## DESCRIPTION OF THE TASK
The lines to reproduce run from the one containing "Black and white" through the end of the records below. Reproduce them exactly and add nothing.

Short descriptive text snippets:
+ + + + +

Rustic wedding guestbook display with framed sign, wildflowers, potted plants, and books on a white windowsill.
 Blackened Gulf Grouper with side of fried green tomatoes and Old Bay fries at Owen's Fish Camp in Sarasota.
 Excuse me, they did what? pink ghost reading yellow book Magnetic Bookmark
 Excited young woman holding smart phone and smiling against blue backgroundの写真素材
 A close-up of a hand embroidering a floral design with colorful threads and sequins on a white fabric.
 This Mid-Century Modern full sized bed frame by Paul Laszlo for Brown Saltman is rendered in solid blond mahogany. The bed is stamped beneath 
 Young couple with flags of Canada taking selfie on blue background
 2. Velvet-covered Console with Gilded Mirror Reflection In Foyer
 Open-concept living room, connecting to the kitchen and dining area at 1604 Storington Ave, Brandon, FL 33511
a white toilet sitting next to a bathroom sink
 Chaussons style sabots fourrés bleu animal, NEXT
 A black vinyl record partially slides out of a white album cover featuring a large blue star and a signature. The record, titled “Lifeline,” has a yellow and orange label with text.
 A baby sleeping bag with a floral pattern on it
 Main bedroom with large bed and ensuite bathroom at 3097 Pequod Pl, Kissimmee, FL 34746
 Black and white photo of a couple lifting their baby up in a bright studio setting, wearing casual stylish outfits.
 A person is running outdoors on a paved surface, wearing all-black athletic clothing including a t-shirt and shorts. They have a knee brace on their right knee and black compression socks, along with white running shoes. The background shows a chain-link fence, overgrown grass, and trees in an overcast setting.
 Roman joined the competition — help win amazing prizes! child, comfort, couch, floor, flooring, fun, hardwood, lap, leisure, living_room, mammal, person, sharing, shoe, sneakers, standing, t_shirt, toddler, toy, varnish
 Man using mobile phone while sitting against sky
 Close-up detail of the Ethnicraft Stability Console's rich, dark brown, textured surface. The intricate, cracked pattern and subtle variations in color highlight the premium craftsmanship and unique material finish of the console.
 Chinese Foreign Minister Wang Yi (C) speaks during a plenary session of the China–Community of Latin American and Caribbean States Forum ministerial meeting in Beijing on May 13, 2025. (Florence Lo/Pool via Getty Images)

+ + + + +

## SOLVED EXERCISE
 Black and white photo of a couple lifting their baby up in a bright studio setting, wearing casual stylish outfits.
 A person is running outdoors on a paved surface, wearing all-black athletic clothing including a t-shirt and shorts. They have a knee brace on their right knee and black compression socks, along with white running shoes. The background shows a chain-link fence, overgrown grass, and trees in an overcast setting.
 Roman joined the competition — help win amazing prizes! child, comfort, couch, floor, flooring, fun, hardwood, lap, leisure, living_room, mammal, person, sharing, shoe, sneakers, standing, t_shirt, toddler, toy, varnish
 Man using mobile phone while sitting against sky
 Close-up detail of the Ethnicraft Stability Console's rich, dark brown, textured surface. The intricate, cracked pattern and subtle variations in color highlight the premium craftsmanship and unique material finish of the console.
 Chinese Foreign Minister Wang Yi (C) speaks during a plenary session of the China–Community of Latin American and Caribbean States Forum ministerial meeting in Beijing on May 13, 2025. (Florence Lo/Pool via Getty Images)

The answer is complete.